By Jeremy T. Rodriguez, JD
We have a client that retired on 1/2/2019 and he was over 70.5. He was not required to take his RMD in 2018 from his 401k since he was still working (he did take his 2018 RMD from his IRA). He rolled that 401k into his IRA this year (which was allowed in his plan since he retired in 2019), so we are trying to determine what his IRA RMD amount should be for this year. Should we calculate based on the 12/31/18 value of his 401k, or the amount that was rolled over into his IRA this year? We are thinking it would be the 12/31/18 value, but wanted to verify.
Thank you for the help,
RMDs from qualified plans, like the 401(k), and IRAs cannot be aggregated. That means you would calculate the RMD from the IRA using the 12/31/18 account balance, which would not include the 401(k) rollover. The 401(k) RMD would be determined using the plan account balance as of the same date. However, you’ve got an additional problem; the 401(k) RMD should not have been rolled over into the IRA. Instead, it should have been distributed before the rollover. That means you have an excess contribution. Thus, in addition to distributing the 401(k) RMD that was rolled over, you will also have to calculate the earnings on that amount and distribute those funds prior to October 15, 2020 to avoid the 6% penalty.
Do you have any suggestions on how to reduce the tax burden on traditional IRA withdrawals? I’m 66 and reaching the age when RMD’s kick in and I’m wondering if there is any advantage to taking withdrawals earlier to lower RMDs and avoid higher tax brackets.
Can you answer my question or point me in the right direction? Any insight you can offer would be greatly appreciated.

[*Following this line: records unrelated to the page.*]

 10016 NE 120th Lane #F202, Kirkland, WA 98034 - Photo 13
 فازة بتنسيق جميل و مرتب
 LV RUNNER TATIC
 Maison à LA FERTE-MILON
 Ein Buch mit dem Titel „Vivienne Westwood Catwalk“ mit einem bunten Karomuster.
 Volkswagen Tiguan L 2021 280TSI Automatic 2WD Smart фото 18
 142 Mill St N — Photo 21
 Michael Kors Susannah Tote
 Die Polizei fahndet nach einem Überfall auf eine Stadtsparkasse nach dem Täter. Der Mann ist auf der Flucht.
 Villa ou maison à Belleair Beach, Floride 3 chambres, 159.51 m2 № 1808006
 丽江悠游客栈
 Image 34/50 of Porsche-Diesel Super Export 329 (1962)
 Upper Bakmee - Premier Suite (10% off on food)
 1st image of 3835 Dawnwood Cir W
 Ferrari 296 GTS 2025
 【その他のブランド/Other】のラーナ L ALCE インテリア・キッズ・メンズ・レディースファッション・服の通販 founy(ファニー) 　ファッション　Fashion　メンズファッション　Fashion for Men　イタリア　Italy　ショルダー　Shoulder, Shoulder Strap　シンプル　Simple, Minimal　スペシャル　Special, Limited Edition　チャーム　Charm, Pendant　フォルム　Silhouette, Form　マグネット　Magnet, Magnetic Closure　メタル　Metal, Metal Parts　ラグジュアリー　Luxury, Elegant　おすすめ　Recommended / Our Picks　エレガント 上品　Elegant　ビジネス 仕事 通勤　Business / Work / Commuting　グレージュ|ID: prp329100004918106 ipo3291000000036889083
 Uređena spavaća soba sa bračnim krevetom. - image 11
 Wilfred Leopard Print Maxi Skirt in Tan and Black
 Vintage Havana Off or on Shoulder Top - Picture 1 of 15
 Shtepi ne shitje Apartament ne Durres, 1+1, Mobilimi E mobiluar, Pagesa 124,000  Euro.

Taking withdrawals early is certainly an option. You are in what we call the “sweet spot.” During this time, you aren’t subject to Required Minimum Distributions, so you are not forced to take a distribution. However, you also aren’t subject to the early distribution penalty if you do decide to take a distribution. Therefore, this is the optimal time to begin planning for retirement. Another option would be to convert all, or a portion, of your IRA to a Roth IRA. Remember, Roth IRA owners do not have to take RMDs during their lifetime. Strategic partial conversions over the next few years, if done properly with the help of your tax and financial advisors, can accomplish many things. You can potentially stay in a lower tax bracket, begin the process of paying taxes on your traditional IRA, reduce future RMDs, and ultimately pass tax-free dollars to your beneficiaries!